アウル教授 「今までにも東京では雪が積もるとシャベルが売り切れることがあった。雪が積もってからの行動は遅いのじゃ。あらかじめ用意しておくこと、転ばぬ先の杖じゃのう。太平洋側といえど一家に一つ雪用シャベルを。」

生徒 「どっかの通販サイトの宣伝みたいになっていますよ。」

アウル教授 「今週末の雪の見通しなどについては明日解説していきたいと思う。ひとまず今日の天気を見ていこう。」

図1 21日夜の天気図

生徒 「日本海には相変わらずJPCZ、沖縄には前線と低気圧が発生しましたね。」

アウル教授 「昨日の予想とほぼ同じような感じになっておる。昨日紹介した上空の気圧の谷は前回東京に雪を降らせたときのよりも弱いために、前線上の低気圧はひとまずこの後発達していく予想はない。ただ、前線や低気圧周辺は湿った空気が入るので激しい雨や落雷、突風に注意が必要じゃ。と言っても沖縄はすでに寒冷前線が通過したので一旦雨は回復へと向かう。」

生徒 「しかし天気分布予報によると、未明に止んだ雨が再び夕方以降降り出してくる予想になっていますね。」

アウル教授 「2つの雨は違う原因による雨じゃ。まさか低気圧が逆に引き返してくることはない。未明までの雨は低気圧や前線によるものじゃが、夕方以降の雨は大陸から張り出してくる高気圧の縁に当たるために水蒸気が入りやすくなって発生する雨じゃ。まあ、この時期沖縄で降る典型的な雨の降り方とも言えるものじゃ。」

生徒 「本州の天気はどうなっていきそうですか。まだ北日本を中心に冬型の気圧配置が続いていますね。
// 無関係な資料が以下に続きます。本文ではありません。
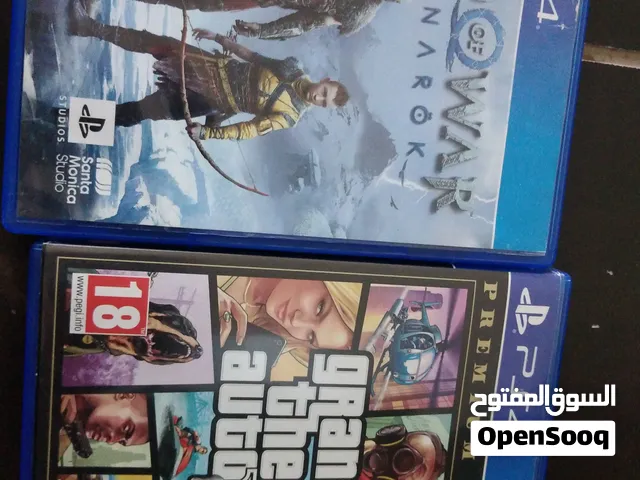 راغنروك ب 30 و gta ب 25 اثنينهم ب 50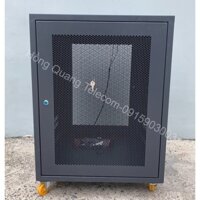 TỦ RACK 15U- D600 HIỆU TEKA-RACK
」

アウル教授 「北海道の東には発達した低気圧がある。というよりこの低気圧が冬型を作っておるのじゃが。この低気圧は前にも話したように寒冷渦の状態で、上空のジェット気流からは離れて、低気圧を流す風が弱くなっておる。そのため動きがゆっくりなのじゃ。北日本を中心にこの低気圧による影響が続いていて、日本海側で雪が続いておる。ただ、やはりそうはいうもののゆっくり北日本からは遠ざかり始め風も弱くなり始めておる。それに伴い雪雲の範囲も縮小してきておる。」

生徒 「JPCZ付近には比較的まとまった雲が分布していますね。」

アウル教授 「今後の天気図を見てこの辺りも確認してみよう。」

図2 今後の予想天気図

アウル教授 「朝の天気図ではややJPCZは弱くなっているように見えるが、夜の天気図では再びしっかり確認できることから、強弱ありながら見やはりしぶとくJPCZは残る予想じゃ。この影響が山陰や九州北部で続いておる。今日も雪や雨が降りやすく、また、一時的に降り方が強まったり、雷を伴ったりすることも考えられる。」

生徒 「北海道付近にも気圧の谷が良くわかるようになってきましたね。」

アウル教授 「前回話した上空の気圧の谷が接近するといたるところで気圧の谷が発生する。この北海道の気圧の谷はこの後明日にかける低気圧にまでは発達する予想じゃが、それよりの発達は見込めない。ただ、弱い低気圧として北海道の西にこれまた居座る予想であるため、北海道を中心に大雪に注意が必要じゃ。そして東北から北陸の日本海側は弱いながらも冬型が続くので弱いながらも雪が降り続く予想じゃ。結局今日も日本海側は広く雪や雨が降りやすいということじゃな。」

生徒 「それぞれの雪の原因は違いますが、今日も雪対策万全にということですね。先にあげた大雪、落雷だけでなく着雪やすでに積雪の多い地域では雪崩にも注意が必要ですね。」

図3 今日の天気予報

アウル教授 「今日も気温は一桁が目立つ。この気温は平年並みで寒いのじゃが、今週末のもっと寒い気温を見るとこの気温も高めに感じてしまう。体感とは怖いものじゃ。それはともかく、今日中に明日以降雪が降ったり積もった場合のことをしっかり考えておくと、いざ実際に積もったときに素早く行動を起こせるじゃろう。もちろん、雪だるまを作るとか雪合戦をするとかそういうことではないぞ。」

 
■お天気メモ■
・北日本は今日も雪。北海道を中心に大雪注意。
・東北や北陸は冬型のため雪。ただ、やや緩んだ冬型。
・JPCZの影響で山陰や九州北部も雪。
・沖縄は未明まで雨。日中は一旦止んで夕方以降は再び雨予想。
・今週末はかなり寒くなりそう。雪への備えも早いうちに。